X_train, X_cv, y_train, y_cv = train_test_split(df_features, df_label, 
                                                test_size=0.2,
                                                random_state=1212)

X_train = X_train.values.reshape(33600, 784)
X_cv = X_cv.values.reshape(8400, 784)
X_test = X_test.values.reshape(28000, 784)

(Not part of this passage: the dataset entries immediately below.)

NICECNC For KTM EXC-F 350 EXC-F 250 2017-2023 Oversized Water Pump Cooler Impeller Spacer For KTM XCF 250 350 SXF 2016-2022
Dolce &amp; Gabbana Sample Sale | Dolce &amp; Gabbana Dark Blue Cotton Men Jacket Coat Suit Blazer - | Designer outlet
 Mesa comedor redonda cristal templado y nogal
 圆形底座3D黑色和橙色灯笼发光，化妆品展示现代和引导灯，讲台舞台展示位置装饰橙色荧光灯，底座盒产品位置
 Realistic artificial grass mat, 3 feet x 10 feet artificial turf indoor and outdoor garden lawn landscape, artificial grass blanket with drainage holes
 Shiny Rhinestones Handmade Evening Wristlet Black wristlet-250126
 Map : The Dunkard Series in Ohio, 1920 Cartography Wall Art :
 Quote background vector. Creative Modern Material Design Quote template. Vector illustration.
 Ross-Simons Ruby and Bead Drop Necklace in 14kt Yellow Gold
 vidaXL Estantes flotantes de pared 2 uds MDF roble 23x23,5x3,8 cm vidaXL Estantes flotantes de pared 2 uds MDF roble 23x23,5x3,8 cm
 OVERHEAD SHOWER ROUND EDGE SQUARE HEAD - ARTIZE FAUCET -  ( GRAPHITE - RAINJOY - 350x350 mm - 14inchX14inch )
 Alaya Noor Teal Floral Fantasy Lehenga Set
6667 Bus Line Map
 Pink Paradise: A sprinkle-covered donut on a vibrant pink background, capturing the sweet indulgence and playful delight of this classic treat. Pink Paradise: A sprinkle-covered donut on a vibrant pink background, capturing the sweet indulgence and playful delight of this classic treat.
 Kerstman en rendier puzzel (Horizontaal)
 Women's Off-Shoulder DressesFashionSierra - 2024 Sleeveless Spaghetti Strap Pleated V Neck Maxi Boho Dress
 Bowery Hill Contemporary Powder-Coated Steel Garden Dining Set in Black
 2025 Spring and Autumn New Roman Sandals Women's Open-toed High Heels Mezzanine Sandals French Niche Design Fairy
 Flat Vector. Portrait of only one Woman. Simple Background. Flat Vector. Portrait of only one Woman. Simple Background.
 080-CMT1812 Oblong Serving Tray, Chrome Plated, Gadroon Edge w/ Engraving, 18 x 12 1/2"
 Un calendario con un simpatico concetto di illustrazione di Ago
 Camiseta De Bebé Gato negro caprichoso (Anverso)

# Data cleaning, normalization and selection

In [7]:
print((min(X_train[1]), max(X_train[1])))

(0, 255)


In [8]:
# Feature Normalization 
X_train = X_train.astype('float32'); X_cv= X_cv.astype('float32'); X_test = X_test.astype('float32')
X_train /= 255; X_cv /= 255; X_test /= 255

# Convert labels to One Hot Encoded
num_digits = 10
y_train = keras.utils.to_categorical(y_train, num_digits)
y_cv = keras.utils.to_categorical(y_cv, num_digits)

In [9]:
# Printing 2 examples of labels after conversion
print(y_train[0]) # 2
print(y_train[3]) # 7

[0. 0. 1. 0. 0. 0. 0. 0. 0. 0.]
[0. 0. 0. 0. 0. 0. 0. 1. 0. 0.]


# Model Fitting

In [10]:
# Input Parameters
n_input = 784 # number of features
n_hidden_1 = 300
n_hidden_2 = 100
n_hidden_3 = 100
n_hidden_4 = 200
num_digits = 10

In [11]:
Inp = Input(shape=(784,))
x = Dense(n_hidden_1, activation='relu', name = "Hidden_Layer_1")(Inp)
x = Dense(n_hidden_2, activation='relu', name = "Hidden_Layer_2")(x)
x = Dense(n_hidden_3, activation='relu', name = "Hidden_Layer_3")(x)
x = Dense(n_hidden_4, activation='relu', name = "Hidden_Layer_4")(x)
output = Dense(num_digits, activation='softmax', name = "Output_Layer")(x)

In [12]:
# Our model would have '6' layers - input layer, 4 hidden layer and 1 output layer
model = Model(Inp, output)
model.summary() # We have 297,910 parameters to estimate

Model: "model"
_________________________________________________________________
 Layer (type)                Output Shape              Param #   
 input_1 (InputLayer)        [(None, 784)]             0         
                                                                 
 Hidden_Layer_1 (Dense)      (None, 300)               235500    
                                                                 
 Hidden_Layer_2 (Dense)      (None, 100)               30100     
                                                                 
 Hidden_Layer_3 (Dense)      (None, 100)               10100     
                                                                 
 Hidden_Layer_4 (Dense)      (None, 200)               20200     
                                                                 
 Output_Layer (Dense)        (None, 10)                2010      
                                                                 
Total params: 297910 (1.14 MB)
Trainable params: 297910 (1.14

In [13]:
# Insert Hyperparameters
learning_rate = 0.1
training_epochs = 20
batch_size = 100
sgd = optimizers.SGD(lr=learning_rate)



In [14]:
# We rely on the plain vanilla Stochastic Gradient Descent as our optimizing methodology
model.compile(loss='categorical_crossentropy',
              optimizer='sgd',
              metrics=['accuracy'])

In [15]:
history1 = model.fit(X_train, y_train,
                     batch_size = batch_size,
                     epochs = training_epochs,
                     verbose = 2,
                     validation_data=(X_cv, y_cv))

Epoch 1/20
336/336 - 3s - loss: 1.7596 - accuracy: 0.5315 - val_loss: 0.8909 - val_accuracy: 0.7824 - 3s/epoch - 8ms/step
Epoch 2/20
336/336 - 2s - loss: 0.5928 - accuracy: 0.8421 - val_loss: 0.4409 - val_accuracy: 0.8758 - 2s/epoch - 5ms/step
Epoch 3/20
336/336 - 2s - loss: 0.3968 - accuracy: 0.8875 - val_loss: 0.3578 - val_accuracy: 0.8968 - 2s/epoch - 5ms/step
Epoch 4/20
336/336 - 2s - loss: 0.3343 - accuracy: 0.9046 - val_loss: 0.3110 - val_accuracy: 0.9114 - 2s/epoch - 5ms/step
Epoch 5/20
336/336 - 2s - loss: 0.2976 - accuracy: 0.9143 - val_loss: 0.2862 - val_accuracy: 0.9162 - 2s/epoch - 5ms/step
Epoch 6/20
336/336 - 2s - loss: 0.2719 - accuracy: 0.9207 - val_loss: 0.2653 - val_accuracy: 0.9239 - 2s/epoch - 5ms/step
Epoch 7/20
336/336 - 2s - loss: 0.2503 - accuracy: 0.9274 - val_loss: 0.2571 - val_accuracy: 0.9265 - 2s/epoch - 5ms/step
Epoch 8/20
336/336 - 2s - loss: 0.2324 - accuracy: 0.9326 - val_loss: 0.2432 - val_accuracy: 0.9292 - 2s/epoch - 5ms/step
Epoch 9/20
336/336 - 2s 

Achieved a training score of around 96-98% and a test score of around 95 - 97%.